Are strings oscillators with specific gauge properties?

[Dcase]

I have been reading about string theory, most recently about twistor string theory.
I think that I have a basic understanding, but certainly am no expert.

The helix is an important structure in transmitting information of various types:
- music theory mathematics [wave and matrix]
- only known structure capable of reproducing and adapting at the cellular gauge
- 3D form of Schroedinger equation [and Heisenberg equivalent] in QM
- 3D form of Steinmetz phasor equations in EE AC electricity



Simple and complex harmonic oscillators are known to exist.

If vibrating stings are like these entities, then is gauge the only difference?
If not, what are the differences?



Does gauge theory extend to the planetary, stellar and galactic range of GR / SR?
Or is gauge theory limited to the QM range?



Helicity is emphasized in in twistor string theory.

Does this refer to the helical trajectories found in mechanics and ballistics?

If so, then should helicity become a dimension like the string dimension used by Borcherds in the proof of Monstrous Moonshine?

If so, does twistor string theory become a subset of Monstrous Moonshine?



Dimension seems to be used in multiple ways by various authors.
The Calabi-Yau manifold has three real and three imaginary axes.
This appears to be treated as six total dimensions in M-theory.
But this appears to be treated as three complex dimensions in twistor string theory.

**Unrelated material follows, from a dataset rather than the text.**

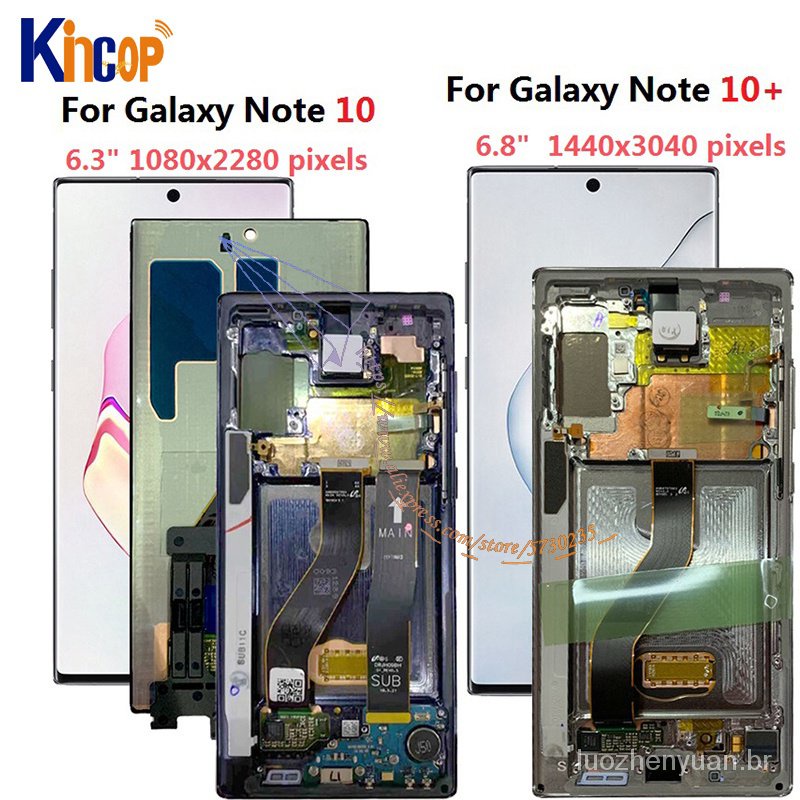 Para Samsung Galaxy Nota 10 LCD N970F N9700 Com Display De Moldura Digitalizador Touch Screen note10 + Mais N975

[VERY SPECULATIVE] - Yet could this not be treated as one spatial dimension if dimension is rigidly defined as “degree of freedom”?

Caspar Wessel in 1797 appeared to have demonstrated the imaginary unit was rotated one unit counterclockwise from the real line - not really a degree of freedom.
One could argue that Wessel thus demonstrated that that the imaginary unit is more ‘invisible’ than imaginary.
Perhaps one could argue that since the real y and z axes are both orthogonal to the real x-axis - that these are really not degrees of freedom.

 

[kd7dle]

I just saw a program on PBS that had briefly touched base on the String Theroy, my thoughts are the same as Dcase. It stated that strings are so minute that may never be able to see one to verify its existence except on paper. Well for what is worth here is my idea, I agree that if a string is viberating then it it must be oscillating. If it is oscillating thus it must have a frequency or a set of frequencies. If this is possible one might be able construct a device to listen or record the frequency or frequencies it might be oscillating at. The problem is building an instrument that sensative and where to listen to to without any interferrence. I am no expert either but I'd thought I'd toss in my thought. Todd

 

[Entropia]

I cannot provide a definitive answer on whether strings can be considered oscillators with specific gauge properties. This is a complex topic that is still being researched and debated by experts in the field of string theory.

What I can say is that string theory is a theoretical framework that attempts to reconcile the theories of general relativity and quantum mechanics. It proposes that the fundamental building blocks of the universe are not point-like particles, but rather tiny, vibrating strings. These strings have a specific length and tension, which determine their properties and interactions.

Gauge theory is a mathematical framework used to describe the behavior of particles and fields in physics. It is an important tool in understanding the behavior of strings in string theory. However, whether gauge theory extends to the planetary, stellar, and galactic range of general relativity and special relativity is still an ongoing topic of research.

The concept of helicity in twistor string theory refers to the spin of particles, which is a fundamental property in quantum mechanics. It is not related to the helical trajectories found in mechanics and ballistics. As for your speculation on twistor string theory being a subset of Monstrous Moonshine, I am not familiar enough with both theories to provide a response.

Finally, the concept of dimension is used in various ways in different theories and by different authors. In string theory, the Calabi-Yau manifold is treated as six dimensions because it has six parameters that describe its shape. However, the interpretation of these dimensions can vary depending on the theory being used. Whether dimension can be defined as a "degree of freedom" is a philosophical question that is still being debated in the scientific community.